> Your goal
Only the lines below, from the one with "Y Shape Dt Wire" through the one with "Servierwagen VEGA In", are to be written out, exactly.

[[ Recorded information open ]]

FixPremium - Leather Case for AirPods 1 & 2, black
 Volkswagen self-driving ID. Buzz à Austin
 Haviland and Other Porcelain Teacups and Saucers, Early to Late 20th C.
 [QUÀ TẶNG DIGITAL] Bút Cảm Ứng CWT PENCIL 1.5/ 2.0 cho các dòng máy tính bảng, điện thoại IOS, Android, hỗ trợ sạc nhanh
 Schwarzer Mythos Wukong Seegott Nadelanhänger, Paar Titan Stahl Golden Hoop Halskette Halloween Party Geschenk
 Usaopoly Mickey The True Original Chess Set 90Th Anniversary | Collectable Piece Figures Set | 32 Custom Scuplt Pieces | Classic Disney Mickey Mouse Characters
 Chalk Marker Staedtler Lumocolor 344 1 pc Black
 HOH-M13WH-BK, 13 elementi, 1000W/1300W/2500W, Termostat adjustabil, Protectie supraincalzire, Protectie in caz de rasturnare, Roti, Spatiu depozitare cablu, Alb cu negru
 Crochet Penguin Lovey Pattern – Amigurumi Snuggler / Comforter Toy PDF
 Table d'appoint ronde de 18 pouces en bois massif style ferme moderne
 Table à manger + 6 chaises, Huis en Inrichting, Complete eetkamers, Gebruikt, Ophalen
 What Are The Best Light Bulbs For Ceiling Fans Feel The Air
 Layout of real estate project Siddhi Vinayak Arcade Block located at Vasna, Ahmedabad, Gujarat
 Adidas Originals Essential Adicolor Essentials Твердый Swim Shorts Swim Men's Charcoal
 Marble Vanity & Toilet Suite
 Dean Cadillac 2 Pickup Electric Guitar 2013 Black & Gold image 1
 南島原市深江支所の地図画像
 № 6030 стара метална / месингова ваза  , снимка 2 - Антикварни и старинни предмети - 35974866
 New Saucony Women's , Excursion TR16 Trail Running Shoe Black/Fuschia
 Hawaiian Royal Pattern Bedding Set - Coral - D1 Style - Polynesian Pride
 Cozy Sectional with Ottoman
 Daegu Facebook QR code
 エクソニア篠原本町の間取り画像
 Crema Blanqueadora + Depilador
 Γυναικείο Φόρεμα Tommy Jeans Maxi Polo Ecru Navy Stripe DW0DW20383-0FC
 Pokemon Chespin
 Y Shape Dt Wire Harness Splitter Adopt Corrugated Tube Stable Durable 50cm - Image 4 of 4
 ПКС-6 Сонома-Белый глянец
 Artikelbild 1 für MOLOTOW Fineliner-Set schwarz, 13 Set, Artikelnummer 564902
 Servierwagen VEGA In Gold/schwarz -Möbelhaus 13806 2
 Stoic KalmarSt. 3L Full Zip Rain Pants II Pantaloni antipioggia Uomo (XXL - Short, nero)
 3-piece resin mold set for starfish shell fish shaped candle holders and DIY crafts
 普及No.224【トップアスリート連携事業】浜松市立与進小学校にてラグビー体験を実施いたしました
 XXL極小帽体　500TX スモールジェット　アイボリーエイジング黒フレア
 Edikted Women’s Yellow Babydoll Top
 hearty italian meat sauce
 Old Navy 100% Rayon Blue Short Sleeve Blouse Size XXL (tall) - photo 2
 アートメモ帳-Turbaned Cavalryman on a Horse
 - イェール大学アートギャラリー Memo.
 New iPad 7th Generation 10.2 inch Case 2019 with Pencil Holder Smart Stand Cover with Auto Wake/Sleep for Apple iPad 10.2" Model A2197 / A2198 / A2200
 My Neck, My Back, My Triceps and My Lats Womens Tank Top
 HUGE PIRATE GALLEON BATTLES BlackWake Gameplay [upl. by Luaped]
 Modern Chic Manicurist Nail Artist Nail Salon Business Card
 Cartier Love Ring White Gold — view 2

[[ Recorded information closed ]]

> Exercise answer
 Y Shape Dt Wire Harness Splitter Adopt Corrugated Tube Stable Durable 50cm - Image 4 of 4
 ПКС-6 Сонома-Белый глянец
 Artikelbild 1 für MOLOTOW Fineliner-Set schwarz, 13 Set, Artikelnummer 564902
 Servierwagen VEGA In Gold/schwarz -Möbelhaus 13806 2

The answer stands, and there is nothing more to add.